Found on Fiskens website on March 14, 2018

1929 Bentley Speed Six Le Mans
Chassis Number: BA2580

Picture the scene in the Bentley camp at Le Mans in 1929. Winners of the two most recent editions of the race in 1927 and 1928, the appetite for a hat-trick victory must have been contagious. The Bentley Boys were undoubtedly the most dashing group of drivers the La Sarthe paddock had ever seen. The new 6.5 litre Speed Six was strong, powerful and ready to prove itself at the world’s toughest race. Place all this within an era – the Roaring Twenties – known for its excesses, glamour and sophistication and the stage is set. Team Bentley was on a veritable roll.

1929 turned out to be one of the most attrition-filled editions in the race’s history. Despite this, Captain Woolf ‘Babe’ Barnato and the legendary silk-scarfed and extremely rapid Sir Tim Birkin piloted a Speed Six – later to be known as ‘Old Number One’ - to outright victory, followed by a trio of 4.5 litre Bentleys claiming second, third and fourth places respectively. Huge celebrations commenced, including a huge party held by Barnato at his country pile in Surrey where the drive was turned into a racetrack and the bars were fashioned as pitstops! ‘Old Number One’ was brought out for another victory at Le Mans in 1930, with Barnato still in the saddle, joined by a new driver in the form of Bentley Boy, Glen Kidston. So proud was W.O. Bentley of the Speed Six that he declared it his favourite car.

Le Mans rules required that cars raced must be production catalogue models. This ensured that the Speed Six was quickly introduced for sale to the general public. Out of 544 6½-litre examples made in Cricklewood, just 182 were to Speed Six specification. This example, BA2580, was originally fitted with a fixed head coupé Gurney Nutting body as ordered by Bentley Motors prior to its sale. The first owner is listed as C. Bruce-Gardner of Stafford, London and the Speed Six was furnished with registration number UU 6922. The service record shows a transfer of guarantee to William Ruben Doe of Hounslow in November 1930 and to Errol Hignett of Henley-On-Thames in 1932. The service record is continuous through to September 1938 with no further change of owner listed.

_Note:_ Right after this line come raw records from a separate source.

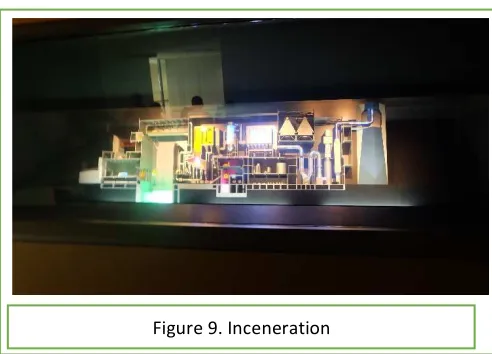 Figure 9. Inceneration 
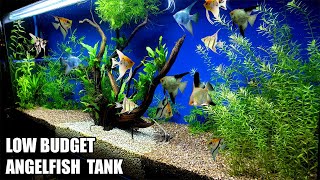 Build A Low Budget Planted Aquarium For Angelfish [upl. by Calmas]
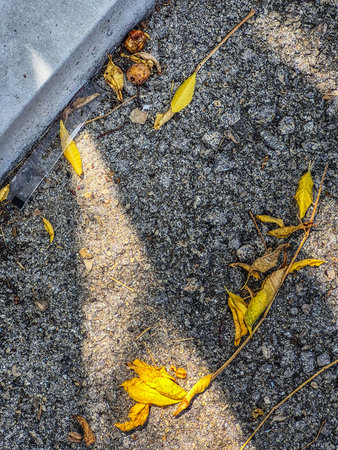 Yellow autumn leaves on asphalt road with sunlight shadow.の写真素材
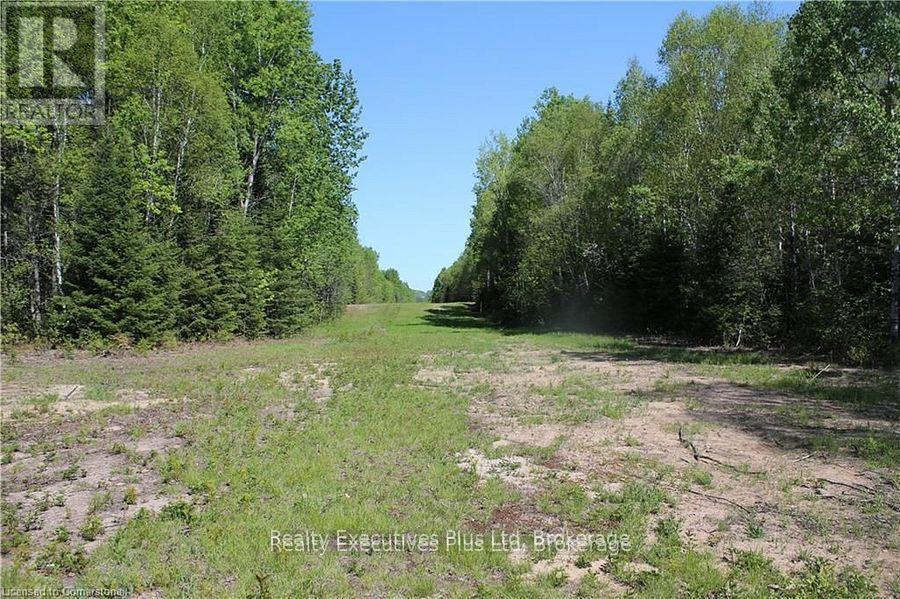 00 Pickerel & Jack Lake Road, Armour, Ontario  P0A 1C0 - Photo 10 - X12499128
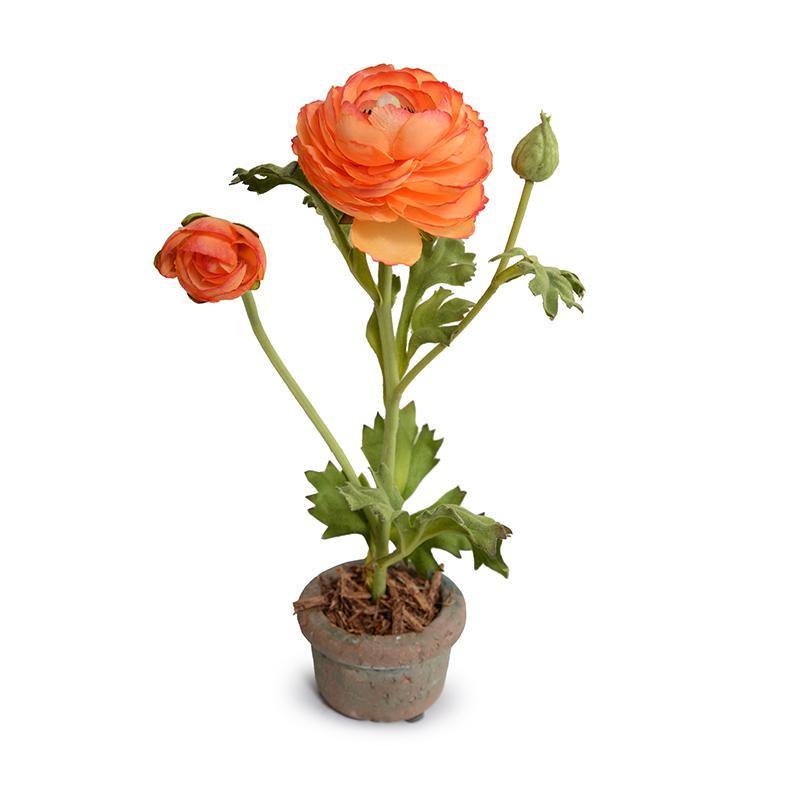 Ranunculus Mini Pot - Orange - New Growth Designs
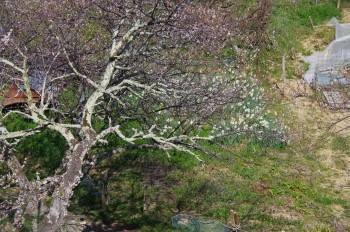 �������V�_�~�� �~����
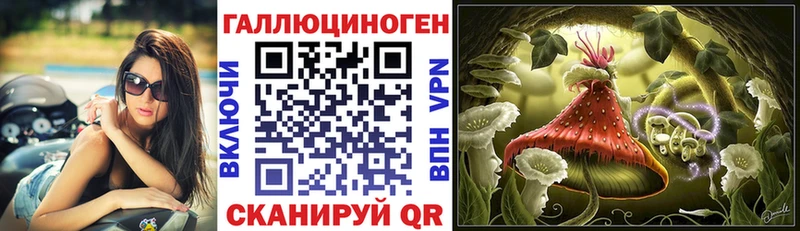 где купить   hydra зеркало  Галлюциногенные грибы Psilocybine cubensis  Мирный 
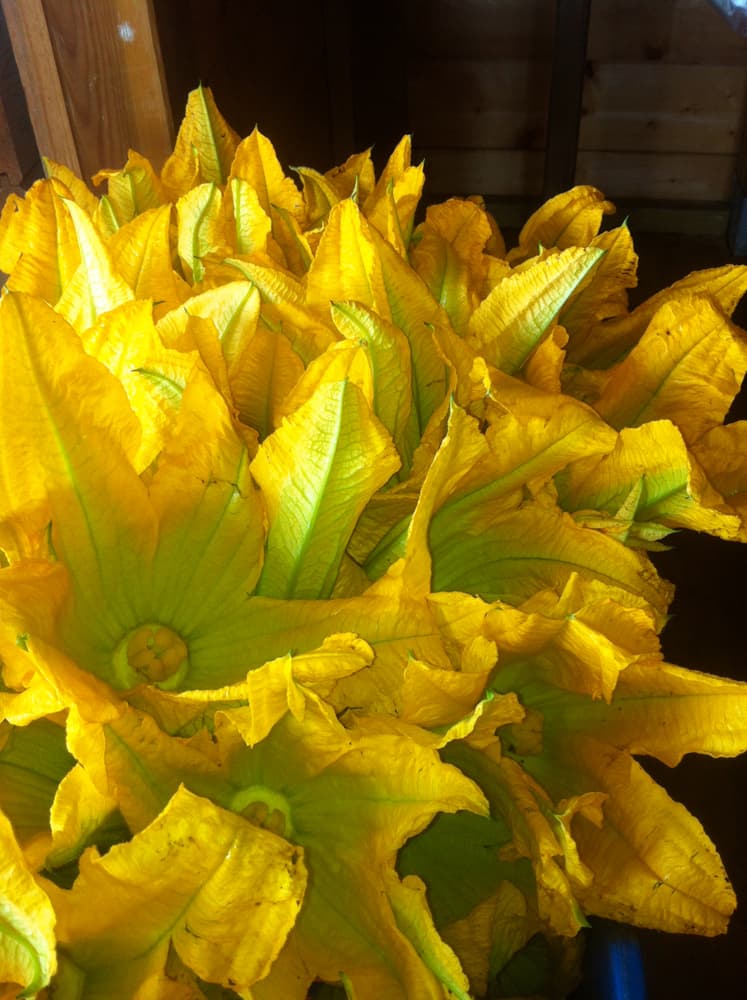 L'azienda agricola — 13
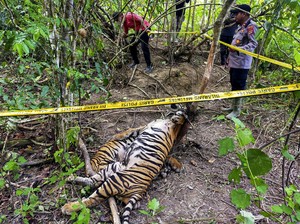3 Harimau di Aceh Timur Mati Terjerat, 2 Orang Jadi Tersangka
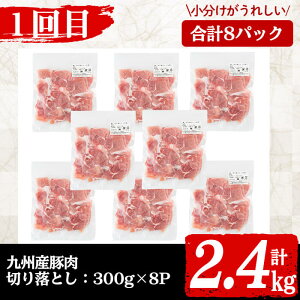 【ふるさと納税】【定期便・全3回】九州産 豚肉定期便(3ヵ月連続・毎回2kg以上・合計9.1kg以上) 定期便 お楽しみ 頒布会 国産 肉 豚肉 豚バラ 冷凍 小分け すき焼き しゃぶしゃぶ 豚しゃぶ 餃子 ランキング 人気【サンキョーミート】【カミチク】t0041-001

Sometime during the following years, BA2580 was shipped to Malta, probably by owner Lieutenant Colonel J.A. Sammut, who is listed in Bentley Drivers’ Club records as the owner between 1947 and 1955. Its history file contains wonderful images of the Bentley on Malta where it stayed during the war, eventually returning to the United Kingdom to be enjoyed by a number of documented owners prior to its purchase by Lord Doune. Doune restored the Speed Six with Vanden Plas style four-seater touring coachwork and retained it within his fabled motor museum from the 1960s until the late 1990s.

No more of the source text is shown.